When we look at the total system, the additional head developed by the pump (which takes extra energy to produce) results in a higher differential pressure across the control valve for the same flow rate. So all the additional energy put into the system by the pump is removed by the control valve as heat, noise, or vibration, which negates some of the increased efficiency of the EISA motor.

Let’s see what we need to do to the system to achieve the 2% reduction in power consumption and operating cost that you would expect to see by using the more efficient EISA motor.

If we reduced the pump’s impeller diameter when the pump is connected to the EISA motor running at a higher speed, we could reduce the pump head to the original 228 ft. needed by the system. By trimming the impeller, the pump produces the required 228 ft. of pump head. This results in less energy consumption and achieves the full 2% reduction in annual operating cost you expected to get by investing in the new EISA standard motor.

Conclusion

When you replace an electrical induction motor with a motor with higher efficiency, the motor improvements made to increase the motor efficiency typically will reduce the slip in the motor, resulting in a higher motor rotational speed. If the motor is driving a centrifugal pump, the increase in rotational speed results in an increase in the pump’s head. This additional head developed by the pump at its new higher speed requires additional power from the motor. The only way to take advantage of the higher efficiency motor is to adjust the pump’s impeller to produce the same pump head at the higher motor speed. If this is done, energy savings can be achieved.

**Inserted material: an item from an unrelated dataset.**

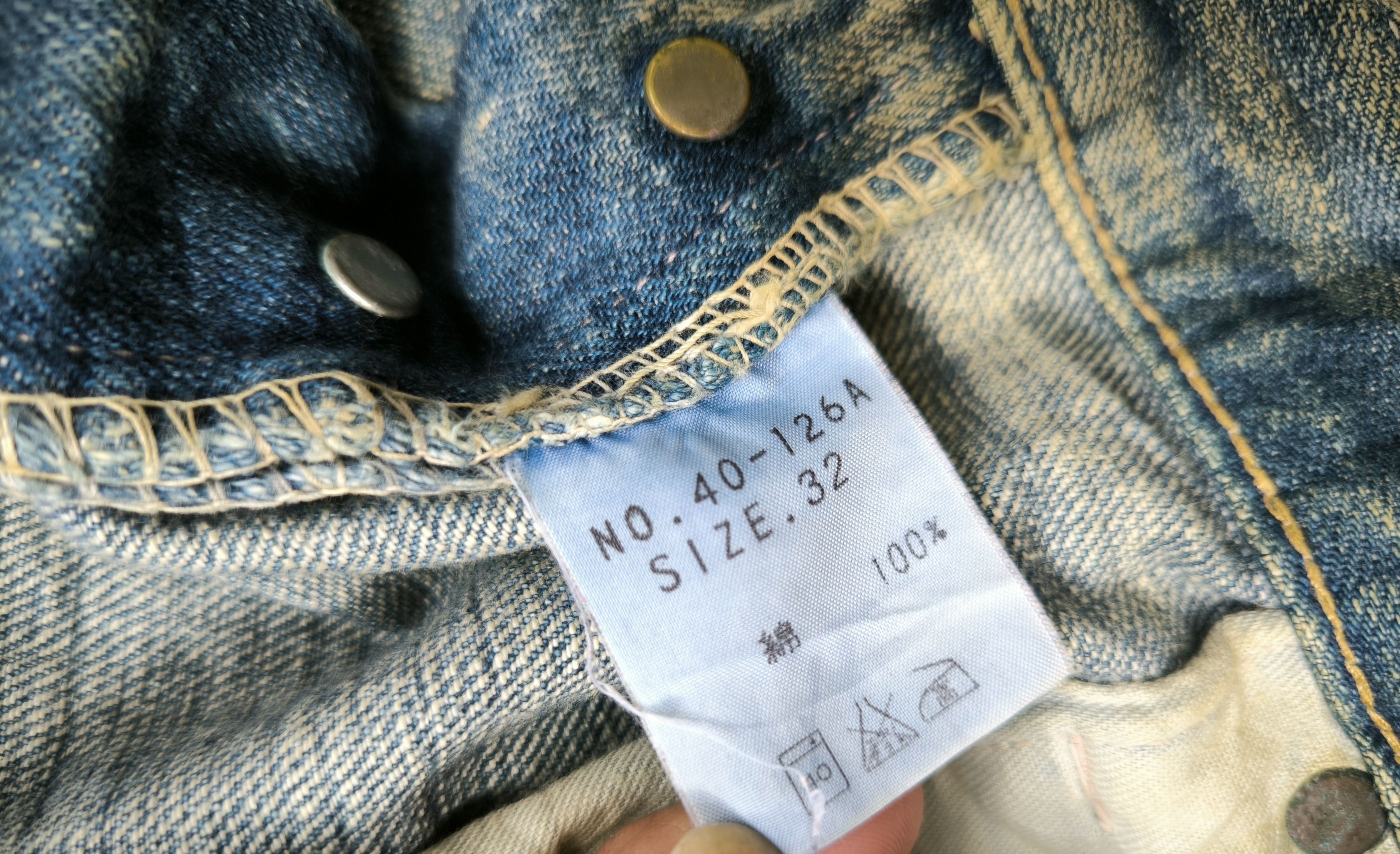 Spellbound SPELLBOUND distressed homeless relaxed jeans Size US 33 - 5 Thumbnail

If no change is made to the pump impeller, then you will have paid for a high-efficiency motor but will not achieve the full savings in operating cost.

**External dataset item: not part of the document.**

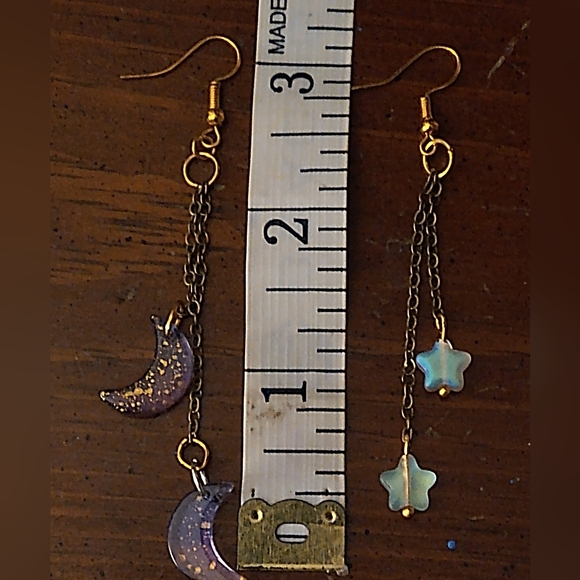 Handme Mismatched Style Gold and Purple Crescent Earrings - Picture 4 of 5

When working with any pumped system, it is important evaluate the total system and not focus on a single item in the system.

Ray Hardee, PE, is a founding principal of Engineered Software. He has over 30 years of experience in evaluating fluid piping systems, with special emphasis on reducing energy consumption in piping systems and increasing plant reliability. Mr. Hardee was a member of the ASME EA-2-2009 Energy Assessment for Pumping Systems. He is the author of Piping System Fundamentals: The Complete Guide to Gaining a Clear Picture of Your Piping System. In addition, he has been actively involved with various Hydraulic Institute/Pump Systems Matters publications on improving the efficiency of pumping systems.


EISA 2007

  • General purpose motors (subtype I) manufactured after December 19, 2010, with a power rating of at least 1 horsepower but not greater than 200 horsepower, shall have a nominal full-load efficiency that is not less than as defined in NEMA MG– 1 (2006) Table 12–12 (aka “NEMA Premium” efficiency levels).
  • General purpose motor (subtype II), with a power rating of at least 1 horsepower but no more than 200 horsepower, manufactured after December 19, 2010, shall have a nominal full-load efficiency that is not less than as defined in NEMA MG–1 (2006) Table 12–11. Subtype II motors now include:
  • U-Frame motor
  • design C motor
  • close-coupled pump motor
  • footless motor
  • vertical solid-shaft normal thrust motor (tested in a horizontal configuration)
  • 8-pole motor (900 rpm)
  • poly-phase motor with voltage of no more than 600 volts (other than 230 or 460 volts).
  • Fire pump motors manufactured after Dec. 19, 2010, shall have nominal full-load efficiency no less than as defined in NEMA MG-1 (2006) Table 12-11.
  • NEMA Design B, general purpose electric motor, with a power rating at least 200 horsepower but no more than 500 horsepower, manufactured after December 19, 2010, shall have a nominal full-load efficiency that is not less than as defined in NEMA MG–1 (2006) Table 12–11.
  • The NEMA MG-1 (2006) Table 12–11 referenced above can be found in the NEMA Premium efficiency standard.